▶ [EXERCISE INSTRUCTIONS] Exclude every picture. Output verbatim the lines from the one containing "Jeep Wrangler (2021) thumbnail 4" to the end of the data.

--*--

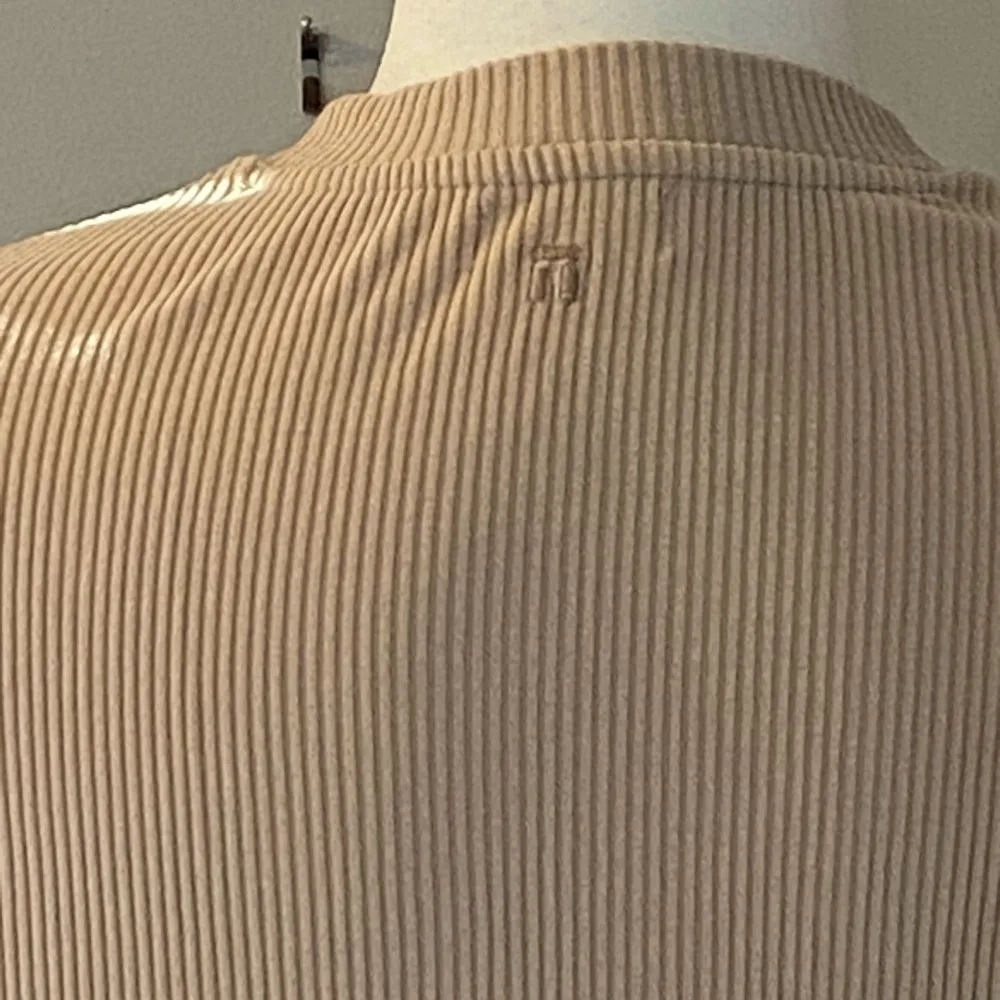 Tommy John Zen ribbed long sleeve crew top in Doe Skin X - Image 6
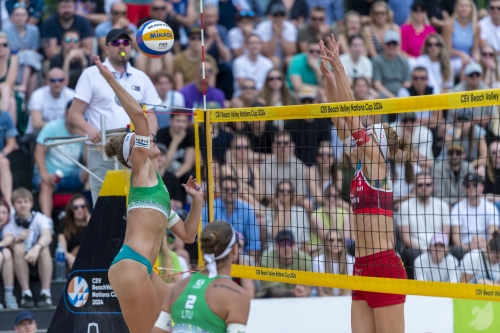 FOTO: Augustas Cetauskas. Paulikiene/Raupelyte (LTU) vs Klinger D./Klinger R. (AUT)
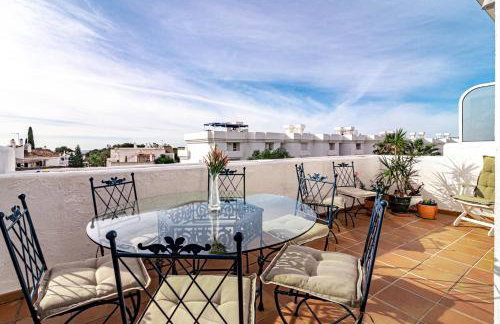 Andalusian Elegance apartment in El Paraiso with 360 views over Sea and Mountains - Photo 26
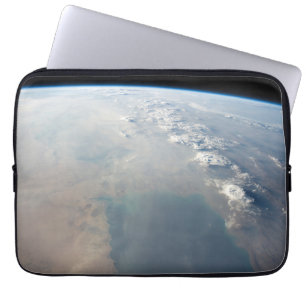 Tropisch blauw water van de Perzische Golf. 2 Laptop Sleeve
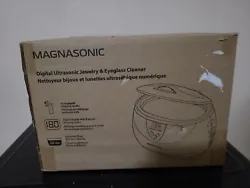 This ultrasonic jewelry cleaner machine from Magnasonic is a must-have for anyone looking to keep their jewelry...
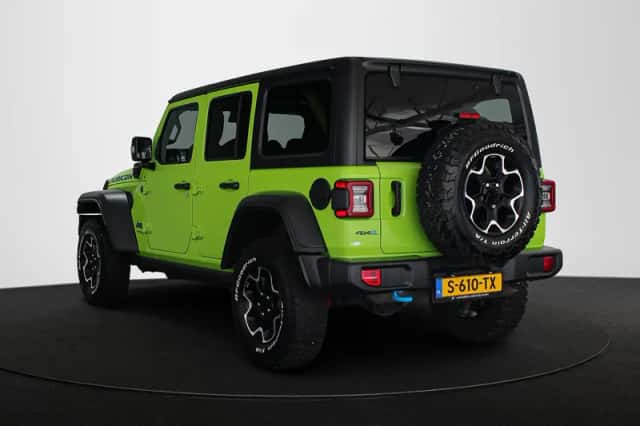 Jeep Wrangler (2021) thumbnail 4
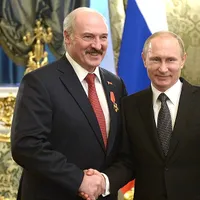 Alexandr Lukașenko și Vladimir Putin. / Foto: evenimentulistoric.ro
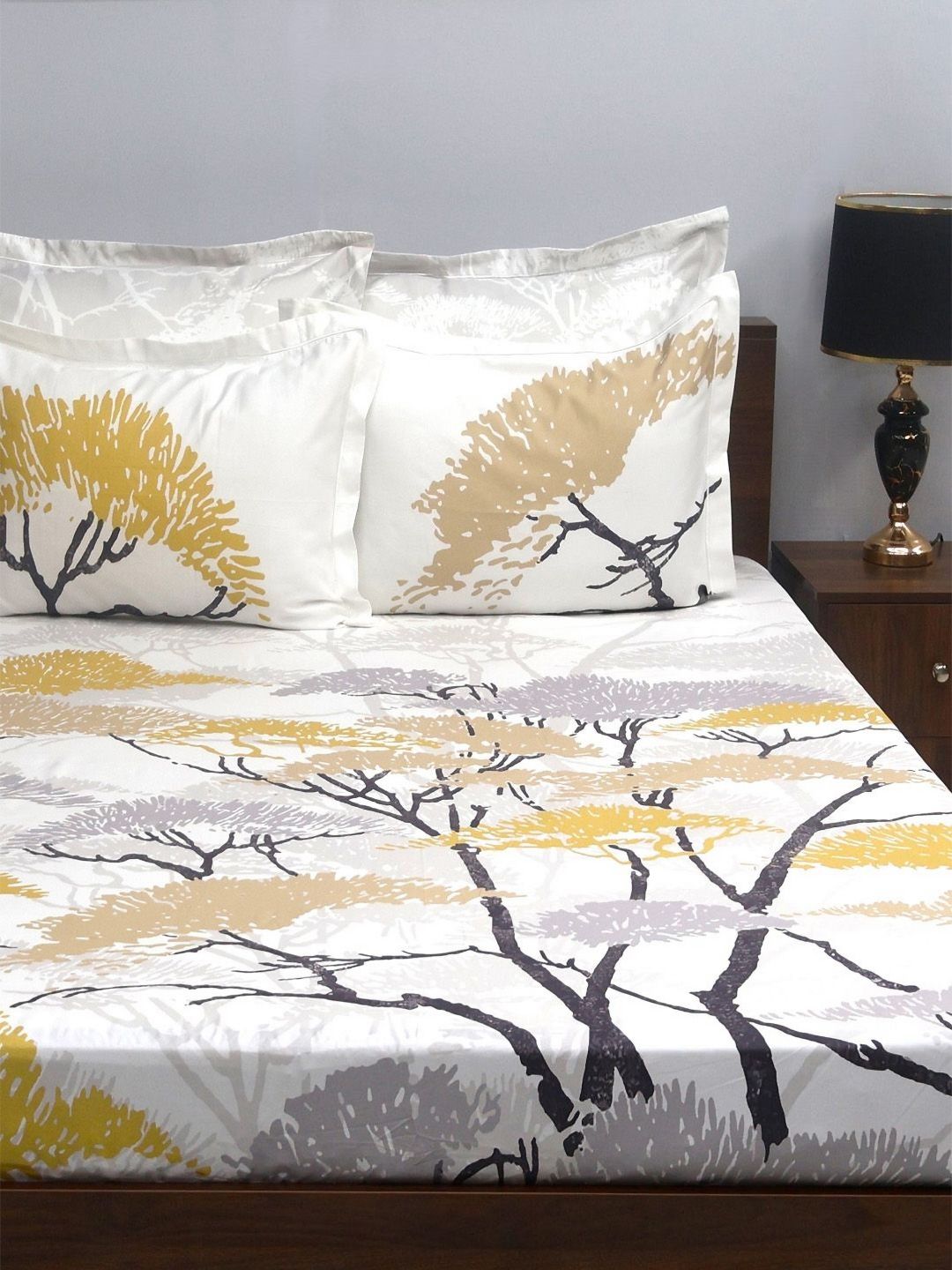 BOMBAY DYEING Urban Living Yellow Printed Cotton 400 TC King Bedsheet with 4 Pillow Covers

--*--

▶ [TASK SOLUTION]
 Jeep Wrangler (2021) thumbnail 4
 Alexandr Lukașenko și Vladimir Putin. / Foto: evenimentulistoric.ro
 BOMBAY DYEING Urban Living Yellow Printed Cotton 400 TC King Bedsheet with 4 Pillow Covers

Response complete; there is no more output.